Nazım Hikmet, “Dünyanın En Tuhaf Mahluku” şiirinde “sömüren-sömürülen”, “ezen-ezilen” ilişkisinin sürmesinde sömürülenlerin, ezilenlerin sorumluluğunu şefkatli bir dille şöyle anlatır:
Gocuklu celep kaldırınca sopasını
sürüye katılıverirsin hemen
ve âdeta mağrur, koşarsın salhaneye.
Dünyanın en tuhaf mahlukusun yani,
hani şu derya içre olup
deryayı bilmiyen balıktan da tuhaf.
Ve bu dünyada, bu zulüm
senin sayende.
Ve açsak, yorgunsak, alkan içindeysek eğer
ve hâlâ şarabımızı vermek için üzüm gibi eziliyorsak
kabahat senin,
demeğe de dilim varmıyor ama
kabahatın çoğu senin, canım kardeşim!
Bu dizeleri aklıma, Mısır’la Türkiye arasındaki son haftalarda ortaya çıkan yumuşamaya dair okuduğum bazı yorumlar getirdi.
Bu yorumlara göre, meğer Mısır-Türkiye geriliminde son aylarda harareti düşürüp yeniden karşılıklı diplomatik ilişki kurmak için çaba sarf eden ülke Türkiye değilmiş de Mısır’mış! Öyle yazıyorlar:
Kahire yönetimi, geçtiğimiz günlerde onlarca Müslüman Kardeşler tutuklusunu serbest bırakmış. Her ne kadar bunun Türkiye-Mısır arasında iletişim kanallarının açılmasıyla bir ilgisi olmadığı söylense de zamanlamanın manidar olduğu kesinmiş.
Mısır, keza, Libya’da da yelkenleri suya indirmiş; nihayet “sahadaki gerçekleri” kabul etmiş. Yunanistan’la kurduğu ilişkinin de aleyhine olduğunu nihayet anlamış ve gururu falan bir tarafa bırakıp Türkiye’yle arasını düzeltmek için adımlar atmaya başlamış.
Eh böyle olunca da Türkiye’nin karşı jestleri gelmiş:
“Dışişleri Bakanı Mevlüt Çavuşoğlu, sekiz yıl sonra ilk kez Türkiye’den bir heyetin, Mısır’ın davetiyle görüşmelerde bulunmak üzere mayıs başında Kahire’ye gideceğini açıkladı. Ayrıca Çavuşoğlu, mevkidaşı Şükri ile de bir araya geleceklerini ve karşılıklı büyükelçilerin atanması konusunun da masada olduğunu belirtti.

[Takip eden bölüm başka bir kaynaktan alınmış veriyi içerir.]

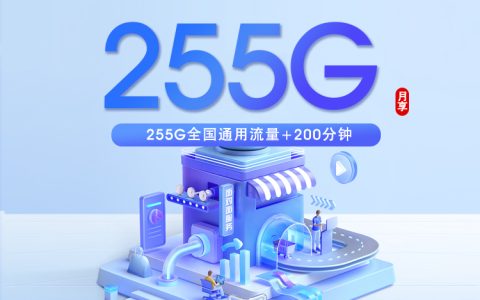 2026年8月上旬成都平时打电话较多用什么流量卡？可办套餐清单可以先看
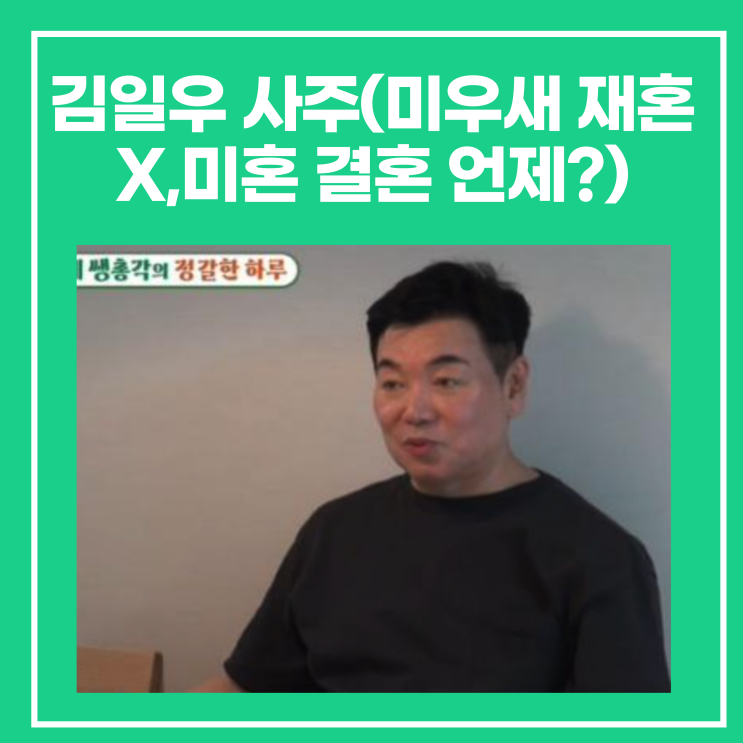 <b>김일우</b> 사주(<b>미우새</b> 재혼X,미혼 <b>결혼</b> 언제?)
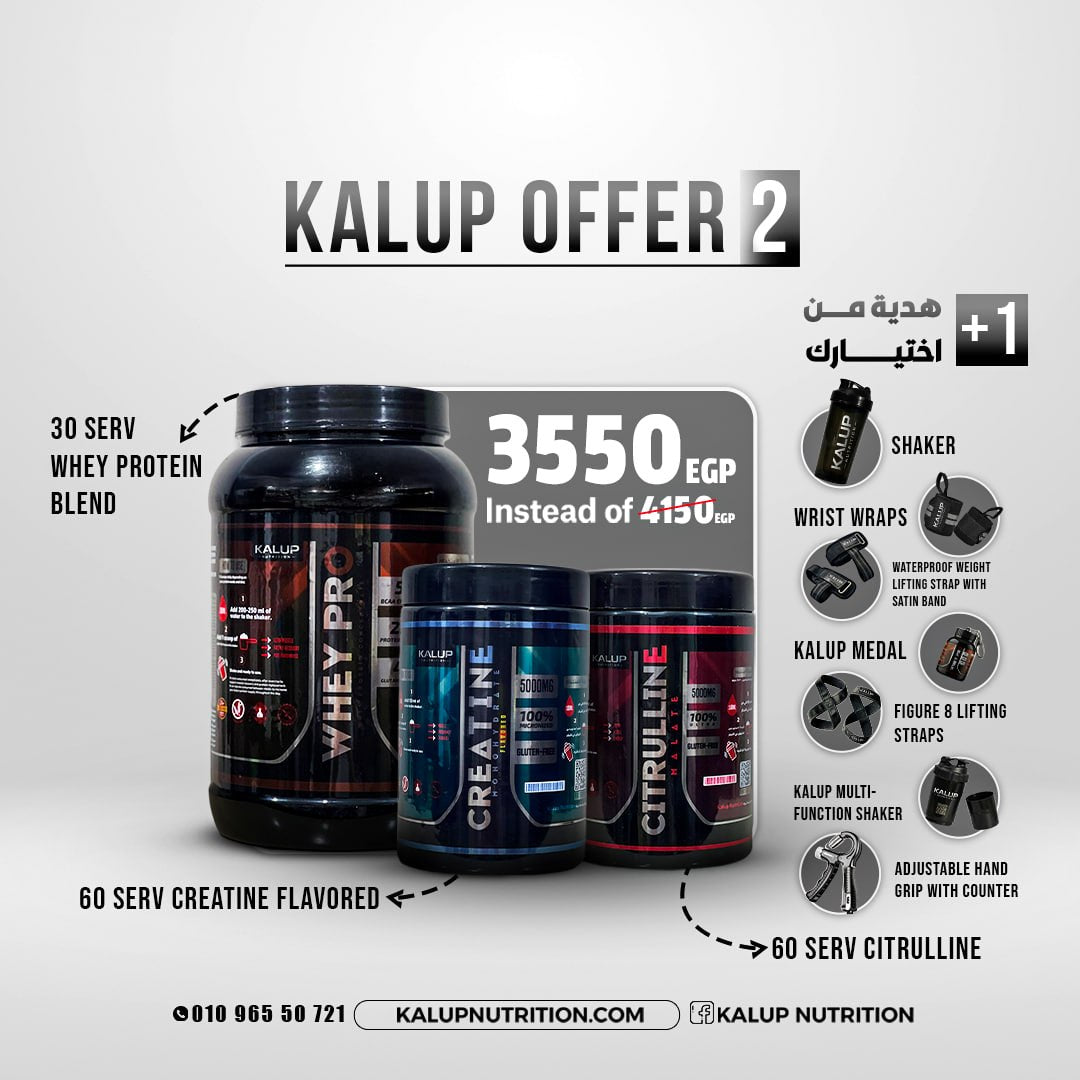 Kalup offer 2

Türkiye Büyük Millet Meclisi’nde Türkiye-Mısır Dostluk Grubu tekrar kuruldu.”
“Mısır”, diye bitiriyor yazar yazısını, “hem sahada hem de masada varlığını kabul ettiren Türkiye ile barış yolunu bu sebeplerle denemek zorunda kaldı. Sıradaki ise İsrail olacak gibi görünüyor.”
Hakikaten de öyle oldu; Dışişleri Bakanı Mevlüt Çavuşoğlu’nun bugün (23 Nisan) İsrail Enerji Bakanı Yuval Steinitz’i Antalya’da düzenlenecek Diplomasi Forumu’na resmen davet ettiği açıklandı.
Eh, Türkiye’ye de bu yakışırdı; İsrail, Mısır gibi özür üstüne özür dilemedi mi son aylarda, ben ettim sen etme mesajları göndermedi mi Türkiye’ye?
Âlicenap olmak lazım böyle!
Neyse, ironiyi bir tarafa koyalım şimdi ve soralım: Her şey, başka hiçbir şekilde anlaşılması mümkün olmayacak şekilde gözümüzün önünde gerçekleşiyorken; örneğimizde, Türkiye adım attıkça “yetmez” diyen Mısırlı yetkililerin demeçleri kulaklarımızda çınlıyorken, sanki bunun tam tersi oluyormuş gibi ‘yorum’ yazanlar acaba neye güvenerek yapabiliyorlar bunu?
Geçenlerde Dücane Cündioğlu, “İslami mahallede bir yazar tipi” için, “söyledikleri şeylerin yalanlanmasını umursamadan konuşma güçleri olan insanlar bunlar” demişti.
Mısır’ın Türkiye karşısında nasıl da diz çöktüğünü anlatabilenlerin de böyle bir “güç”lerinin olduğu muhakkak. Fakat onların ilave bir güçleri daha var ve o gücü de maalesef okurlarından alıyorlar.
Hakikatin değil duymak istediğinin peşinde olan ve dolayısıyla yapılanı kendisine bir saygısızlık olarak görmeyen okurların onlara sağladığı büyük bir güç var ve onlar da bunu tepe tepe kullanıyor.
Toplumdaki kutuplaşmadan ekmek yiyen insanlar bunlar; yazdıklarını okuyanlar zaten başka hiçbir şey okumuyor, okuyup da canı sıkılanlar da (örneğimizde, “ya, o kadar hamasetten sonra bu olmadı hiç, n’olacak şimdi Rabia” diyenler) Mısır’ın Türkiye karşısında yelkenleri suya indirdiği ‘bilgi’sini satın alıp rahatlıyorlar.
Eh, normal koşullarda okur tarafından cezalandırılması gereken zevat da Allah razı olsun deyip marifetlerine devam ediyor.